**Problem requirements**
Each entry below should be output exactly, apart from its images.

+ + + + +

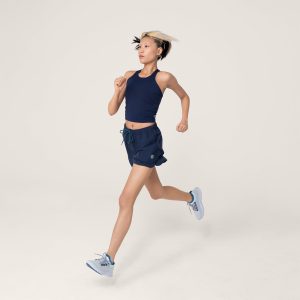 Women's Natural Run Short - True Navy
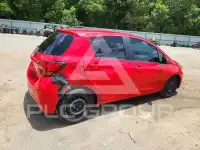 2015 Toyota YARIS фото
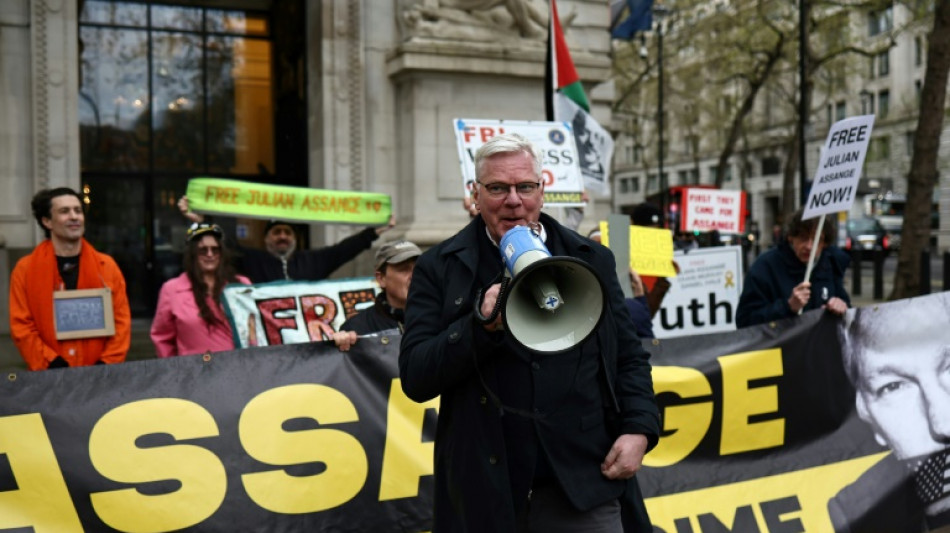 Wikileaks pide una "soluci&oacute;n pol&iacute;tica" para liberar a Julian Assange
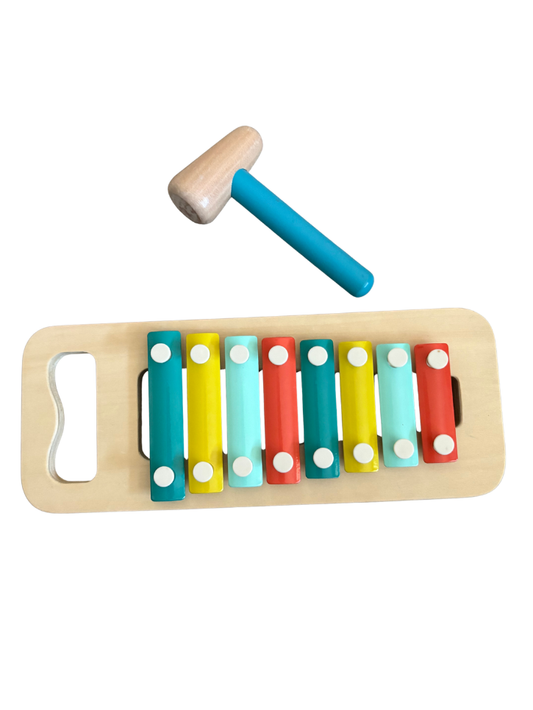Wooden Xylophone Toy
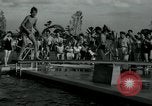 Image of trailer camp Miami Florida USA, 1936, second 3 stock footage video 65675031901
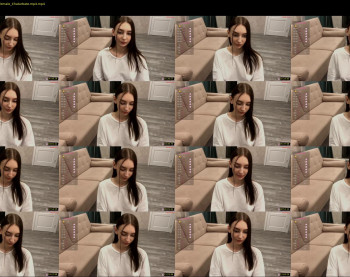 notelis — 14 minute Chaturbate female cam show recording, 720p, Nov 27, 2023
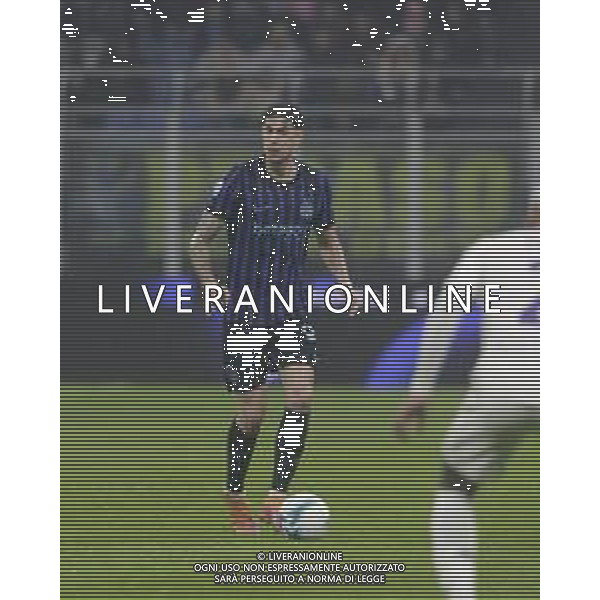 ALESSANDRO BASTONI -INTER vs FIORENTINA Campionato Serie A Enilive - 9a Giornata 29-10-2025 ©PAOLO GIAMPIETRI - AGENZIA ALDO LIVERANI SAS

+ + + + +

**The completed task**
 Women's Natural Run Short - True Navy
 2015 Toyota YARIS фото
 Wikileaks pide una "soluci&oacute;n pol&iacute;tica" para liberar a Julian Assange
Wooden Xylophone Toy
 Image of trailer camp Miami Florida USA, 1936, second 3 stock footage video 65675031901
 notelis — 14 minute Chaturbate female cam show recording, 720p, Nov 27, 2023
 ALESSANDRO BASTONI -INTER vs FIORENTINA Campionato Serie A Enilive - 9a Giornata 29-10-2025 ©PAOLO GIAMPIETRI - AGENZIA ALDO LIVERANI SAS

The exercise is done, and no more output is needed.